Wendy Perrin's Worldwide Guide to Affordable Villa Vacations
The staff gave us invaluable suggestions for experiencing "the real Jamaica," which most tourists never see. Sadie Heaven, the laundress, encouraged us to visit a local school, saying that the students would get a huge kick out of meeting American children. She even suggested a route along the back roads of St. James Parish. We made our way to St. Mary's Preparatory School in Montpelier, where the exquisitely polite, blue-uniformed children immediately took Charlie and Doug by the hand, showed them every corner of every classroom, and played with them for an hour in the schoolyard. Naomi, our cook, took me to Montego Bay's rustic green market, where tourists never go, and introduced me to tropical produce I'd never heard of: cho-cho, callaloo, dashine, naseberries, custard apples, and much more. She then worked them into local dishes so we could properly appreciate them and taught us how to make potato pudding (a local dessert), sorrel drink (a cranberry-red Christmas refreshment), and the Jamaican national dish, salt fish and ackee.
Naomi also took me to Sunday morning worship at her church, the historic Parish Church of St. James, built in 1775. The Anglican service, as it turned out, is a two-and-a-half-hour event at which community announcements are made and "Happy Birthday" is sung to parishioners who are celebrating. Midway through the service, everyone mills around the church and socializes. (I was surprised, given Jamaica's crime problem, to see the women leave their purses behind on their seats without a care.) Tears and empathy filled St. James when the rector called attention to a devastated family whose teenage daughter had been beaten and stabbed to death a week earlier in their home. After the service, Naomi introduced me to the rector, who thanked me for coming and gave me a hug, and to her friends in the Mothers' Union, a Christian organization that supports families—who wore all white and sat in the front pews. (You can read more about our Jamaica experiences on my blog; go to "Topics Covered" and click on "Jamaica.")

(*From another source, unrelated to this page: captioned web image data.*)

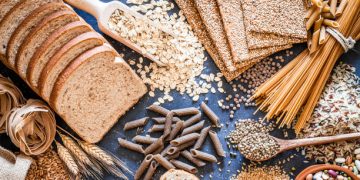 Whole grain foods including bread, oats, pasta, and seeds spread on a table, beneficial for constipation treatment.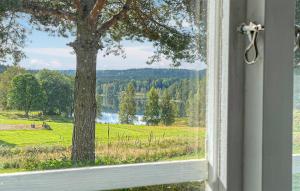 a window with a view of a field and a tree at 2 Bedroom Awesome Home In Töcksfors in Navarsviken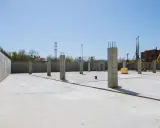 Plac budowy z betonową płytą i słupami betonowymi konstrukcyjnymi. W tle budynek i dźwig.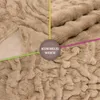 A close-up of a textured beige blanket, with colored lines pointing to a central circle containing text. Produktbild-Vorschau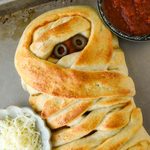 Above view of the pizza mummy with a side of sauce and a small bowl of cheese.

What was most rewarding about our villa rental was that it got us inside a country that many tourists, who are gated off in resort compounds, never see: an authentic Jamaica that is friendly and safe. I got closer to its people staying in one spot for a week than I did several years ago when I rented a car for two weeks and crisscrossed the entire island. Don't just take it from me, though. Bienvenue's guest book is filled with remarks such as "We feel such bonds of friendship with these kind people" (from an Illinois family) and "More beautiful, more peaceful, more memorable than we ever imagined" (from a group from Tennessee). My favorite comment was from a Boca Raton family: "One of the best vacations of our lives (and we've been everywhere)! Val, Naomi, Elaine, Sadie, and Melvin showed us what it means to live in paradise. Thanks to them, we got to know the real Jamaican life, and we loved it." So did I.